(Stored records)
══════

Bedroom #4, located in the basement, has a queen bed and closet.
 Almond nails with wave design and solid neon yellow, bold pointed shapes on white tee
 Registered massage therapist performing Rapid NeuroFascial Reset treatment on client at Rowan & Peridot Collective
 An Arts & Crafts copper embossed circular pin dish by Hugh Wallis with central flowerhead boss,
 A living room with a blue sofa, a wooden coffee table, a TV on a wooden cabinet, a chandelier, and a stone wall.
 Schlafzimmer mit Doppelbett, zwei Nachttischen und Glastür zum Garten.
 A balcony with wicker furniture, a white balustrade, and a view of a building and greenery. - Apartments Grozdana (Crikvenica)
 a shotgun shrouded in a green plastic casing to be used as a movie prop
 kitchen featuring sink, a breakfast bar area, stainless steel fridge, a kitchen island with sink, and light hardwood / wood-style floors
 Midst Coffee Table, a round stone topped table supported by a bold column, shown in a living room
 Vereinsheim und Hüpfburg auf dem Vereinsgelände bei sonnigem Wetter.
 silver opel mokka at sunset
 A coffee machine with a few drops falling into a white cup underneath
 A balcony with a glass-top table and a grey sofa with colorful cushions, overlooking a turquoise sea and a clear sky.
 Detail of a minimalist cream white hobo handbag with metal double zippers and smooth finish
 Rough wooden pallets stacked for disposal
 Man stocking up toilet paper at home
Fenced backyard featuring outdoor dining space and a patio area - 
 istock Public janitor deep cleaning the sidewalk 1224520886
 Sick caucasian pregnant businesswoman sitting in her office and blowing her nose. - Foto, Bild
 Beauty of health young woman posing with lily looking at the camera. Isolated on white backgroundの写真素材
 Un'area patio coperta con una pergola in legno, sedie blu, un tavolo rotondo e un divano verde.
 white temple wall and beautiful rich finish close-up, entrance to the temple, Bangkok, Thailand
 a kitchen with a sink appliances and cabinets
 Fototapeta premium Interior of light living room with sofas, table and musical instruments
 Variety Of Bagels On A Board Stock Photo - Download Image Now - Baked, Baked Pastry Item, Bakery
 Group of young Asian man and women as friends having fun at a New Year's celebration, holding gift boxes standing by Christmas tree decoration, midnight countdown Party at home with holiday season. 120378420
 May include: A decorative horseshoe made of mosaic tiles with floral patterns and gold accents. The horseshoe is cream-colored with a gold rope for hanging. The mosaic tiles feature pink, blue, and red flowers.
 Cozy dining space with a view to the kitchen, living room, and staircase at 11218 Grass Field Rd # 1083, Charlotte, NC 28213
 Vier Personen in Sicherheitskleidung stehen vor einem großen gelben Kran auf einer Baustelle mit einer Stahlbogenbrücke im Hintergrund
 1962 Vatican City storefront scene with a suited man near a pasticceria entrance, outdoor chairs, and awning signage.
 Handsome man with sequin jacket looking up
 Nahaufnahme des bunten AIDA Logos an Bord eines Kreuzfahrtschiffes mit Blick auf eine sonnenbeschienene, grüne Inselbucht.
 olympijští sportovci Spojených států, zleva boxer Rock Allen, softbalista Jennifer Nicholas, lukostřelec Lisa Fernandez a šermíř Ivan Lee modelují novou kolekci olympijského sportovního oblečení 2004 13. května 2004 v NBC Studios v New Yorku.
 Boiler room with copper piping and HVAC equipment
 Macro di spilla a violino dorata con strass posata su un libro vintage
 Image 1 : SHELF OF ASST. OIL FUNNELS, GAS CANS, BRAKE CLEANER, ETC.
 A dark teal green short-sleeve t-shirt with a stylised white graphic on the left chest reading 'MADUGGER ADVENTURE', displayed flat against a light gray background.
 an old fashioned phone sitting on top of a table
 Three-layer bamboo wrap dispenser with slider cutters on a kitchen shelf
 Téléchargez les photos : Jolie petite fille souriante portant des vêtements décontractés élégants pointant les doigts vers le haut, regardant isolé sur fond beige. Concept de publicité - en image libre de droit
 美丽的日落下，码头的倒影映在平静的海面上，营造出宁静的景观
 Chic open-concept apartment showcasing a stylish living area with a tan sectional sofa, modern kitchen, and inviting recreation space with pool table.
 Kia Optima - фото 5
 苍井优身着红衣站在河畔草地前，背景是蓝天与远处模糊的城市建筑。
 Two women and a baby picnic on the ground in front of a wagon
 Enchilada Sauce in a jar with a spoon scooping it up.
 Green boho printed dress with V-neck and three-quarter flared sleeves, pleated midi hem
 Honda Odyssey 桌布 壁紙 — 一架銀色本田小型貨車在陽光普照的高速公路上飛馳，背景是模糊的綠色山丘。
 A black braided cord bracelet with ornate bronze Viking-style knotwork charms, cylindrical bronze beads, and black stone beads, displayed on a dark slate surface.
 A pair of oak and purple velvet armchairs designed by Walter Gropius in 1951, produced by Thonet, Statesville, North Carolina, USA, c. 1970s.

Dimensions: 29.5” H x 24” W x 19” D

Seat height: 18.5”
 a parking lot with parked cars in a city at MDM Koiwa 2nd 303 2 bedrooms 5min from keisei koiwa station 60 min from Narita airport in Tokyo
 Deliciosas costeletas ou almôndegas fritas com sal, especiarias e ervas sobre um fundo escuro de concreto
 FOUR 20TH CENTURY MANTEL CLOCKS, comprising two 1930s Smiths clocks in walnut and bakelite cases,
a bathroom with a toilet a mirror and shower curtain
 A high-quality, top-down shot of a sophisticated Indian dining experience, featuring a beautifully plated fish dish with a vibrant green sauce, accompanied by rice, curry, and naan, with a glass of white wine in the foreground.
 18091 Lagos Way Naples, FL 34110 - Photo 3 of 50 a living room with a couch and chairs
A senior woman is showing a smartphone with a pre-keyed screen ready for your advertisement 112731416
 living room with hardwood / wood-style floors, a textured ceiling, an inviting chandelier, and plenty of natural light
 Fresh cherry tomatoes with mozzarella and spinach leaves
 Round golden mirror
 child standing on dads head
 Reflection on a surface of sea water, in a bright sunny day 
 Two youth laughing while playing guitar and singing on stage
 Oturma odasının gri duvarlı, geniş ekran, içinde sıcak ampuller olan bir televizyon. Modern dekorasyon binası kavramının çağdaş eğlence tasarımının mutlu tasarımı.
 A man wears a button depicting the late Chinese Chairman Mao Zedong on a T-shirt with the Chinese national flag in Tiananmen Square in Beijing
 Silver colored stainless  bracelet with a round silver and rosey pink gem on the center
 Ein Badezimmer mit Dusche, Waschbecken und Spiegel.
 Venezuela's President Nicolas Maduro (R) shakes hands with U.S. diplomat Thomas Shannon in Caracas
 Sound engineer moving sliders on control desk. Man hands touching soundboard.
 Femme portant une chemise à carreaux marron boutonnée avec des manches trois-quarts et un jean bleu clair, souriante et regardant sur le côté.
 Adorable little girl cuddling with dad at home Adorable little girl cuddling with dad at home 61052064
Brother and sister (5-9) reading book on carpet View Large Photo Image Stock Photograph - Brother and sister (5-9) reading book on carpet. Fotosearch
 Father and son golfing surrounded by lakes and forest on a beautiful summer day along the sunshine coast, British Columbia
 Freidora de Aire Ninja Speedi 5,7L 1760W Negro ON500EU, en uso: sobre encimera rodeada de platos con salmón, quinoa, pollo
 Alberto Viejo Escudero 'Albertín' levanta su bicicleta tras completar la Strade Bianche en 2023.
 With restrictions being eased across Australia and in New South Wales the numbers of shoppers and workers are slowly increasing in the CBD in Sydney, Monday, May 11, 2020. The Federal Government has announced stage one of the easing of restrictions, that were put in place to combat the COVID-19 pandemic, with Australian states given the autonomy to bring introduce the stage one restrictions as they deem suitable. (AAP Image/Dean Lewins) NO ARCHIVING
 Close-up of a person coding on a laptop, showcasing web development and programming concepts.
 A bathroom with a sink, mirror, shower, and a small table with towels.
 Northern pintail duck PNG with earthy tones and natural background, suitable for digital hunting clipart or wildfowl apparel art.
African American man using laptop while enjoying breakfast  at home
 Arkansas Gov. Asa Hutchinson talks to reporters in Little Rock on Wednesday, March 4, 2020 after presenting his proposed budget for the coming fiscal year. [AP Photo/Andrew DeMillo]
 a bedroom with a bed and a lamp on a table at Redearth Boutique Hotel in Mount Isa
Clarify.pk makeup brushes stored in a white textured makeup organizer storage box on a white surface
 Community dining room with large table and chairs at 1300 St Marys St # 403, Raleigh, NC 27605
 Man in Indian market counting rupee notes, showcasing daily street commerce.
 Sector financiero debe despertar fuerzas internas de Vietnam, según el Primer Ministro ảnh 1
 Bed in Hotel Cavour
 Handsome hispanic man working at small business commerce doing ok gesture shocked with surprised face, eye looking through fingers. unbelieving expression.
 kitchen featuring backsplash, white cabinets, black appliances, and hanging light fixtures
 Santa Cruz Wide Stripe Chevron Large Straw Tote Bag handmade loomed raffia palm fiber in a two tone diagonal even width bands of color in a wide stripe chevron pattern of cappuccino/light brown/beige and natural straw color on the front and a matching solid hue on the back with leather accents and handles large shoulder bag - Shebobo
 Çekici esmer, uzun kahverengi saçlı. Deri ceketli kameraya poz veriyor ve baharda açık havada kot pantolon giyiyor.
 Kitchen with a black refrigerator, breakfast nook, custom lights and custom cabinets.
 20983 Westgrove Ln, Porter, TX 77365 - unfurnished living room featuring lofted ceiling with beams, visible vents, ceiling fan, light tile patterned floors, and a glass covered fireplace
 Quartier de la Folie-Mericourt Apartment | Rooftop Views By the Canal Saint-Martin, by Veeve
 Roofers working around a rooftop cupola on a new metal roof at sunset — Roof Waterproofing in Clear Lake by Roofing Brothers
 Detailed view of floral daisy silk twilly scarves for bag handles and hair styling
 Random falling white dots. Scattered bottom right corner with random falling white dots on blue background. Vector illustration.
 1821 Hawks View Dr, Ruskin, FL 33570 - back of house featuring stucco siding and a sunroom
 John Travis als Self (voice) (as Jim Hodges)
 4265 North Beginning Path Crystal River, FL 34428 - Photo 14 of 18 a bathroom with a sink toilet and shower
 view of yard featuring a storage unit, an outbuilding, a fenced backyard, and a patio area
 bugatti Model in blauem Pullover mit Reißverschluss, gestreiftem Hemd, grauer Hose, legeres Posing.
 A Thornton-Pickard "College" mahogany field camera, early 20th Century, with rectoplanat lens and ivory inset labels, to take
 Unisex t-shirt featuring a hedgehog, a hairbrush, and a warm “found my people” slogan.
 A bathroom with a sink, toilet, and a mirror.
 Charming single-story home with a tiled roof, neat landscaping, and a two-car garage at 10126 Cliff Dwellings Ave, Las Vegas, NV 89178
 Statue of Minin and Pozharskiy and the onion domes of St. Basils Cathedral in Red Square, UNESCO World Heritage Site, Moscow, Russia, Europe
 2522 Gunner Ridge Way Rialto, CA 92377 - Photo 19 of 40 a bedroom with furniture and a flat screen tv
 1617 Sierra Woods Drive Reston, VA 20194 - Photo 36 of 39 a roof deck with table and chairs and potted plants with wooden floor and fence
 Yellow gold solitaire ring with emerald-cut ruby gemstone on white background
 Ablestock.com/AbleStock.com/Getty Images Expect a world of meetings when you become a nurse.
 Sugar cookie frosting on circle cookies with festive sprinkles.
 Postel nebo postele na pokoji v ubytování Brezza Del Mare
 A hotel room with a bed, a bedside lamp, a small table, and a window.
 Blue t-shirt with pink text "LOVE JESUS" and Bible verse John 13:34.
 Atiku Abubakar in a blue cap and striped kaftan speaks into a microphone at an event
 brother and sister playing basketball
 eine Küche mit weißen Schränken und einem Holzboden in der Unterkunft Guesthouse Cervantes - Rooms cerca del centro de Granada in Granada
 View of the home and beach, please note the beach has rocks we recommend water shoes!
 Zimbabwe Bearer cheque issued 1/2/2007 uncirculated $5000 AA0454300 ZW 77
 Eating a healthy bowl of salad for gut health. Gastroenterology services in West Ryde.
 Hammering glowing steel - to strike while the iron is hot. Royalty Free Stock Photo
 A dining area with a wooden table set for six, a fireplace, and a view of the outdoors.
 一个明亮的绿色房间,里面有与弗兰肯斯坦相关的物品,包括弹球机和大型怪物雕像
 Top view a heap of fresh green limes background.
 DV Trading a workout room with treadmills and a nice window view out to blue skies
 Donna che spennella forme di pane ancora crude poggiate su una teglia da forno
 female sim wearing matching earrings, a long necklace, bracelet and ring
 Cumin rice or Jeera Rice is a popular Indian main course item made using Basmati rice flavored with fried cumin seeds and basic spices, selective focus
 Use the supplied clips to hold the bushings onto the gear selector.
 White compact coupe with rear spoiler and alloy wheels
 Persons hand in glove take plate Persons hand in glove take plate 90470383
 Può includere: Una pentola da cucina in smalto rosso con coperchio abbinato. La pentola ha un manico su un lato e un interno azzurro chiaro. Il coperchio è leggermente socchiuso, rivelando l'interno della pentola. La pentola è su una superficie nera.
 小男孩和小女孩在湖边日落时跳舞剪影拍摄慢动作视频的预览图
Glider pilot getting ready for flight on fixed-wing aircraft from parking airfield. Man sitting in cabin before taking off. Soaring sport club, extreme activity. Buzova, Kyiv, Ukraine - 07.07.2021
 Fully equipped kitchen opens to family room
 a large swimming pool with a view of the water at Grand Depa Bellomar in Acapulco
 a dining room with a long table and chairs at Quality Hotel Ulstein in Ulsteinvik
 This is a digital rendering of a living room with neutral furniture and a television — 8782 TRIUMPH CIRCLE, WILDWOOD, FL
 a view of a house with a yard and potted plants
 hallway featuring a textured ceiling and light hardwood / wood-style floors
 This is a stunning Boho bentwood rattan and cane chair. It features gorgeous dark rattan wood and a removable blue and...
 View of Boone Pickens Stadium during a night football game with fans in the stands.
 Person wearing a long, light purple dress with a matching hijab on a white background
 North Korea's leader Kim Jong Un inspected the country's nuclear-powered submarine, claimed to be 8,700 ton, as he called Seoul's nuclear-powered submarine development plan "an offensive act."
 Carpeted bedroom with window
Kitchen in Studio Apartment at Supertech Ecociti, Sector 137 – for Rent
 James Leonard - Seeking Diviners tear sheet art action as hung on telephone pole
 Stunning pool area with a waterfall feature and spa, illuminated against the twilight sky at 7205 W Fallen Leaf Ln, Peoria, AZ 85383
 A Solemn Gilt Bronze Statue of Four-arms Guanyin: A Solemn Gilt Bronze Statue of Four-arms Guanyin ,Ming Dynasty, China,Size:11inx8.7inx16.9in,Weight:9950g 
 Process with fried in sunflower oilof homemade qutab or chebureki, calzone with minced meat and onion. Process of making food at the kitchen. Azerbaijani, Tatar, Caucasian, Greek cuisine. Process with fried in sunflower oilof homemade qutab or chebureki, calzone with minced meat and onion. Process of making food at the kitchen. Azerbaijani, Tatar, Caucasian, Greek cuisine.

══════

# EXERCISE
Output, please, only the lines running from the start of the entries through the line that contains "Variety Of Bagels", including both of those lines.

# RESULT
Bedroom #4, located in the basement, has a queen bed and closet.
 Almond nails with wave design and solid neon yellow, bold pointed shapes on white tee
 Registered massage therapist performing Rapid NeuroFascial Reset treatment on client at Rowan & Peridot Collective
 An Arts & Crafts copper embossed circular pin dish by Hugh Wallis with central flowerhead boss,
 A living room with a blue sofa, a wooden coffee table, a TV on a wooden cabinet, a chandelier, and a stone wall.
 Schlafzimmer mit Doppelbett, zwei Nachttischen und Glastür zum Garten.
 A balcony with wicker furniture, a white balustrade, and a view of a building and greenery. - Apartments Grozdana (Crikvenica)
 a shotgun shrouded in a green plastic casing to be used as a movie prop
 kitchen featuring sink, a breakfast bar area, stainless steel fridge, a kitchen island with sink, and light hardwood / wood-style floors
 Midst Coffee Table, a round stone topped table supported by a bold column, shown in a living room
 Vereinsheim und Hüpfburg auf dem Vereinsgelände bei sonnigem Wetter.
 silver opel mokka at sunset
 A coffee machine with a few drops falling into a white cup underneath
 A balcony with a glass-top table and a grey sofa with colorful cushions, overlooking a turquoise sea and a clear sky.
 Detail of a minimalist cream white hobo handbag with metal double zippers and smooth finish
 Rough wooden pallets stacked for disposal
 Man stocking up toilet paper at home
Fenced backyard featuring outdoor dining space and a patio area - 
 istock Public janitor deep cleaning the sidewalk 1224520886
 Sick caucasian pregnant businesswoman sitting in her office and blowing her nose. - Foto, Bild
 Beauty of health young woman posing with lily looking at the camera. Isolated on white backgroundの写真素材
 Un'area patio coperta con una pergola in legno, sedie blu, un tavolo rotondo e un divano verde.
 white temple wall and beautiful rich finish close-up, entrance to the temple, Bangkok, Thailand
 a kitchen with a sink appliances and cabinets
 Fototapeta premium Interior of light living room with sofas, table and musical instruments
 Variety Of Bagels On A Board Stock Photo - Download Image Now - Baked, Baked Pastry Item, Bakery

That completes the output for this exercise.